[THE DATA — start]

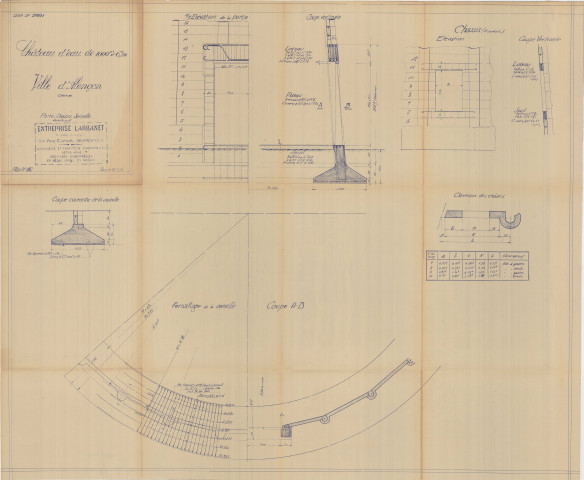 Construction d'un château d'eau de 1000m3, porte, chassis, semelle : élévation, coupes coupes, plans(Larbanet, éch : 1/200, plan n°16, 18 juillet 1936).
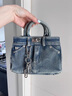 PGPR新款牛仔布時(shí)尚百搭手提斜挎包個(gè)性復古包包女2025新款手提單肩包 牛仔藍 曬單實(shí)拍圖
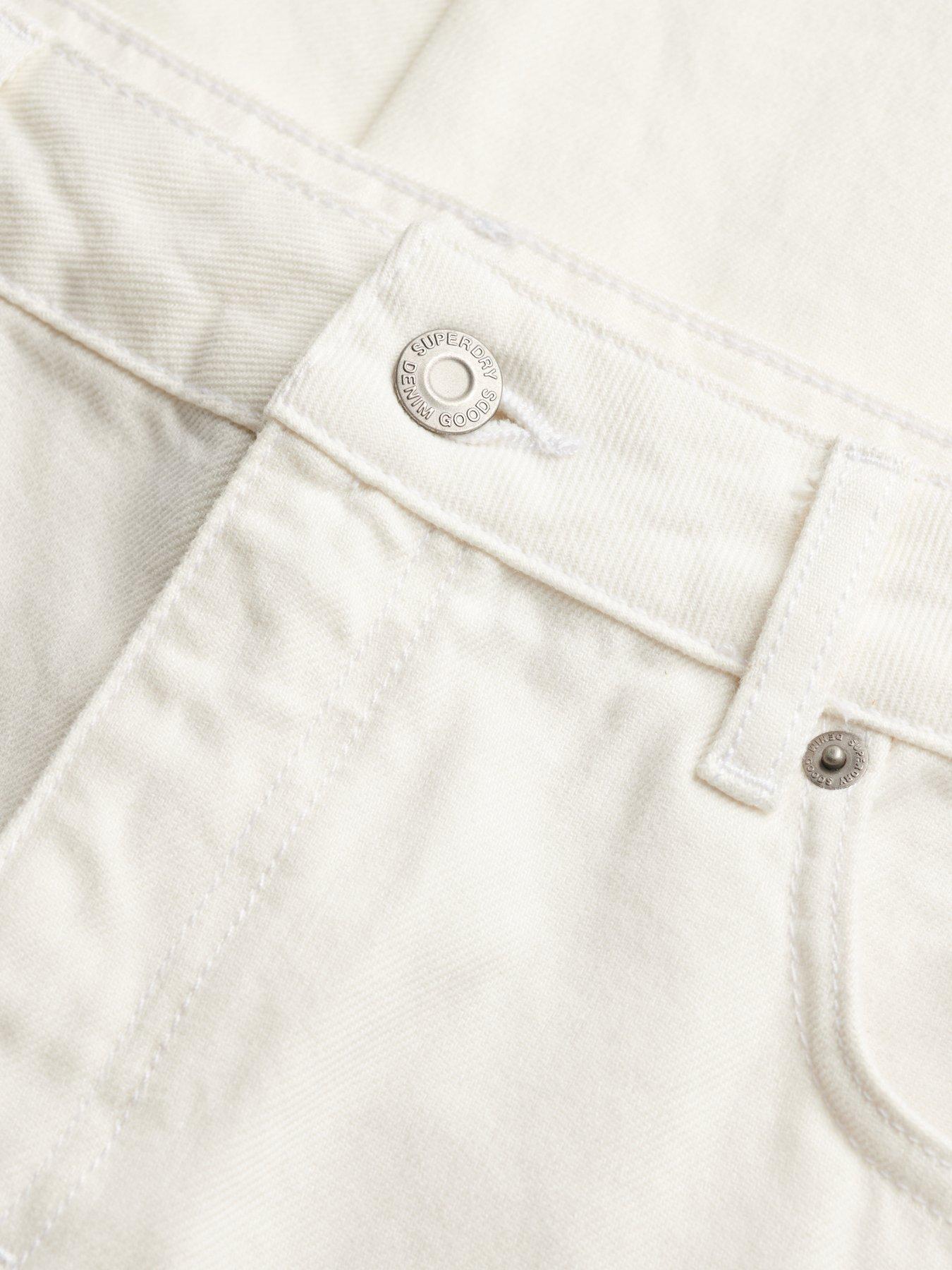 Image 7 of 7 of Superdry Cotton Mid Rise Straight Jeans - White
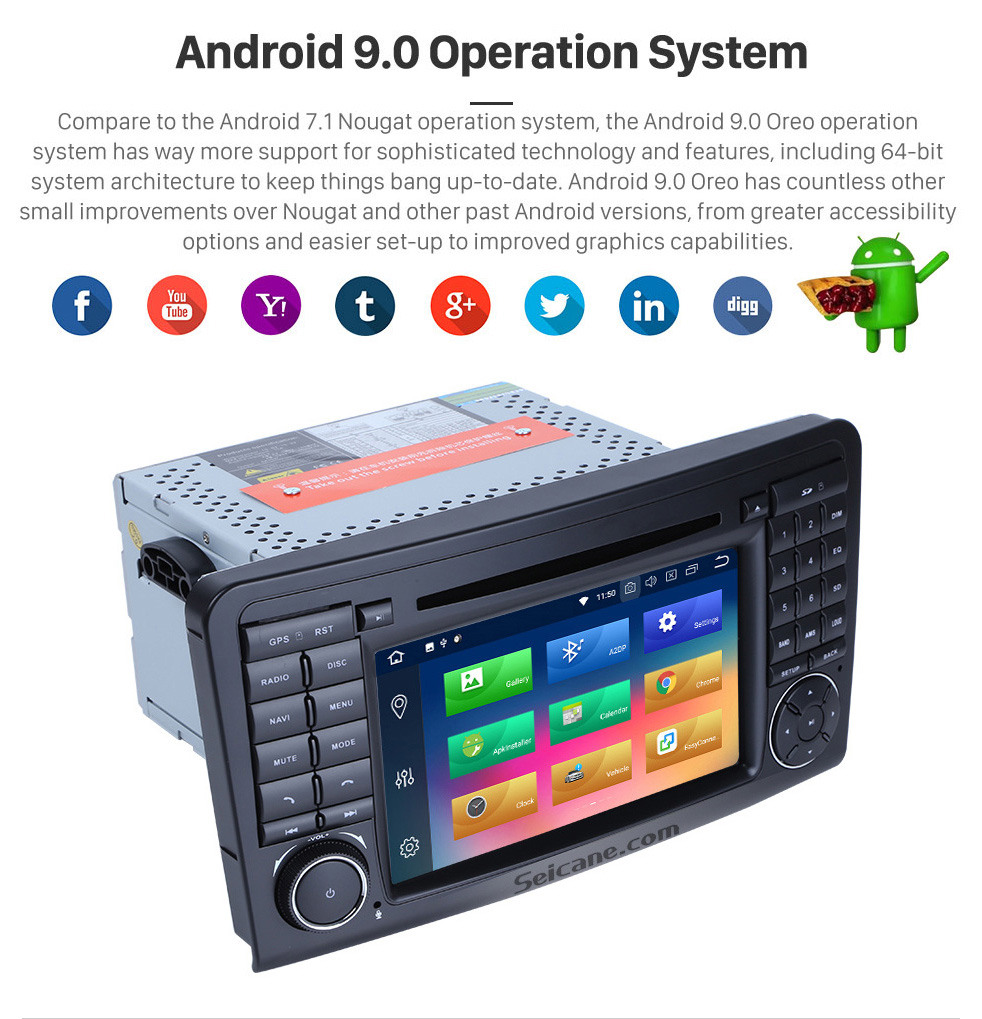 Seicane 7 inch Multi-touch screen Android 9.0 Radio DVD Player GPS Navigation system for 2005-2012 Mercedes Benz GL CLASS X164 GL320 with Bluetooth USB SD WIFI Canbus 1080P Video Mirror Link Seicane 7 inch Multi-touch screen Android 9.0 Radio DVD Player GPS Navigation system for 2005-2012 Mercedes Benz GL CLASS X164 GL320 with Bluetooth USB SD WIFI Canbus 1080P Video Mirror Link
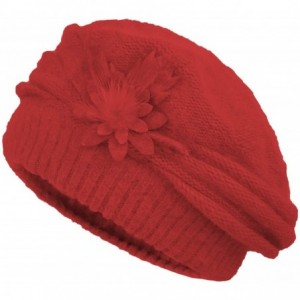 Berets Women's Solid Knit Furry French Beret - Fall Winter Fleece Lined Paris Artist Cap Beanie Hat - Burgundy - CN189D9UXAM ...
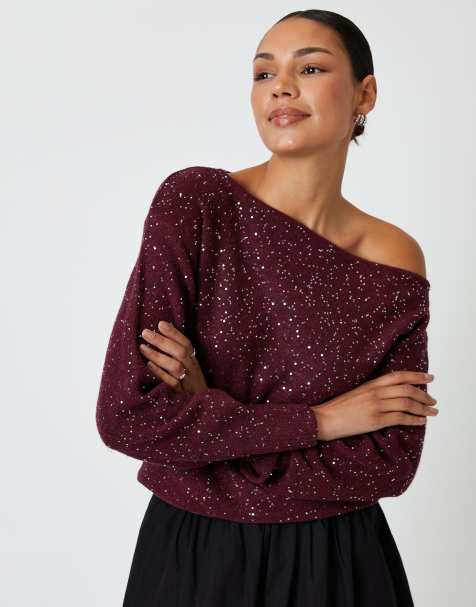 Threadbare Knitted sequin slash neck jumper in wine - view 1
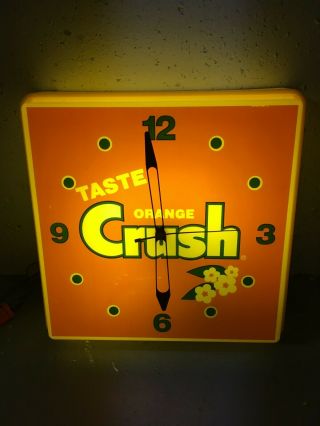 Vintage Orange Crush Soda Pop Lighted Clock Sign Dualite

[THE DATA — finish]

=== EXERCISE DETAILS ===
Give again, exactly as written above, each line from the one that has "PGPR新款牛仔布時(shí)尚百搭手提斜挎包個(gè)性復古包包女2025新款手提單肩包 牛仔藍 曬單實(shí)拍圖" to the one that has "Mirror Link Seicane", both included; omit the pictures.

=== PROBLEM SOLUTION ===
 PGPR新款牛仔布時(shí)尚百搭手提斜挎包個(gè)性復古包包女2025新款手提單肩包 牛仔藍 曬單實(shí)拍圖
 Image 7 of 7 of Superdry Cotton Mid Rise Straight Jeans - White
 Seicane 7 inch Multi-touch screen Android 9.0 Radio DVD Player GPS Navigation system for 2005-2012 Mercedes Benz GL CLASS X164 GL320 with Bluetooth USB SD WIFI Canbus 1080P Video Mirror Link Seicane 7 inch Multi-touch screen Android 9.0 Radio DVD Player GPS Navigation system for 2005-2012 Mercedes Benz GL CLASS X164 GL320 with Bluetooth USB SD WIFI Canbus 1080P Video Mirror Link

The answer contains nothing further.